-------- Record excerpts --------
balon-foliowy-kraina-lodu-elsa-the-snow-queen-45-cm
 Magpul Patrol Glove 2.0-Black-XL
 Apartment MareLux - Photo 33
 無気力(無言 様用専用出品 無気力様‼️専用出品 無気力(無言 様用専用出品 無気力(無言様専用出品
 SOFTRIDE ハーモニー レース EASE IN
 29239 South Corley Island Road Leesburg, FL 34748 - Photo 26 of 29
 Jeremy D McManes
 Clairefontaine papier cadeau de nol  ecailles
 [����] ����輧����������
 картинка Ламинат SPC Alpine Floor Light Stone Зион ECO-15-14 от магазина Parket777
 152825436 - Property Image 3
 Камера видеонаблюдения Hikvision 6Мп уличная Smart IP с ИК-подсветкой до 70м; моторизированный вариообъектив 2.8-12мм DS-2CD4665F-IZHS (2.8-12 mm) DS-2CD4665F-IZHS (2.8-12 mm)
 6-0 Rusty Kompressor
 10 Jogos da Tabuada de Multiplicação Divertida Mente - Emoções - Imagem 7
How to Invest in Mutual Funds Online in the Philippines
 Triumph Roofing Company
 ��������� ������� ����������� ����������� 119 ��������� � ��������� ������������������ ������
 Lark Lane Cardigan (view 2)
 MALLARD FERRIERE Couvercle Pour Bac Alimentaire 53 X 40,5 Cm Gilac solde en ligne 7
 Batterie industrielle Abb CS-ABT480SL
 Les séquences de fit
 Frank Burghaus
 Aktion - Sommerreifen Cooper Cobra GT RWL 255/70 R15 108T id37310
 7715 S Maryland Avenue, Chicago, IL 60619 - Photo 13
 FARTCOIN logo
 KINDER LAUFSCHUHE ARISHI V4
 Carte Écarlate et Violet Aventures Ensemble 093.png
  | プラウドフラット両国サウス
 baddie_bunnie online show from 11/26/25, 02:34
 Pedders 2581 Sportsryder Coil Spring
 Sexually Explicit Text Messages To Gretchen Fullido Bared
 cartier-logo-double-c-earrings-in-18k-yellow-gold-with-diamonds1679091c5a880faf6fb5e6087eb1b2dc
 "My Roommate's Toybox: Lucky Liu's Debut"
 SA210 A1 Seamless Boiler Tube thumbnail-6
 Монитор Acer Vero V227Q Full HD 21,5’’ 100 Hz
--------
Required action: Output every entry word for word.

Task solution:
balon-foliowy-kraina-lodu-elsa-the-snow-queen-45-cm
 Magpul Patrol Glove 2.0-Black-XL
 Apartment MareLux - Photo 33
 無気力(無言 様用専用出品 無気力様‼️専用出品 無気力(無言 様用専用出品 無気力(無言様専用出品
 SOFTRIDE ハーモニー レース EASE IN
 29239 South Corley Island Road Leesburg, FL 34748 - Photo 26 of 29
 Jeremy D McManes
 Clairefontaine papier cadeau de nol  ecailles
 [����] ����輧����������
 картинка Ламинат SPC Alpine Floor Light Stone Зион ECO-15-14 от магазина Parket777
 152825436 - Property Image 3
 Камера видеонаблюдения Hikvision 6Мп уличная Smart IP с ИК-подсветкой до 70м; моторизированный вариообъектив 2.8-12мм DS-2CD4665F-IZHS (2.8-12 mm) DS-2CD4665F-IZHS (2.8-12 mm)
 6-0 Rusty Kompressor
 10 Jogos da Tabuada de Multiplicação Divertida Mente - Emoções - Imagem 7
How to Invest in Mutual Funds Online in the Philippines
 Triumph Roofing Company
 ��������� ������� ����������� ����������� 119 ��������� � ��������� ������������������ ������
 Lark Lane Cardigan (view 2)
 MALLARD FERRIERE Couvercle Pour Bac Alimentaire 53 X 40,5 Cm Gilac solde en ligne 7
 Batterie industrielle Abb CS-ABT480SL
 Les séquences de fit
 Frank Burghaus
 Aktion - Sommerreifen Cooper Cobra GT RWL 255/70 R15 108T id37310
 7715 S Maryland Avenue, Chicago, IL 60619 - Photo 13
 FARTCOIN logo
 KINDER LAUFSCHUHE ARISHI V4
 Carte Écarlate et Violet Aventures Ensemble 093.png
  | プラウドフラット両国サウス
 baddie_bunnie online show from 11/26/25, 02:34
 Pedders 2581 Sportsryder Coil Spring
 Sexually Explicit Text Messages To Gretchen Fullido Bared
 cartier-logo-double-c-earrings-in-18k-yellow-gold-with-diamonds1679091c5a880faf6fb5e6087eb1b2dc
 "My Roommate's Toybox: Lucky Liu's Debut"
 SA210 A1 Seamless Boiler Tube thumbnail-6
 Монитор Acer Vero V227Q Full HD 21,5’’ 100 Hz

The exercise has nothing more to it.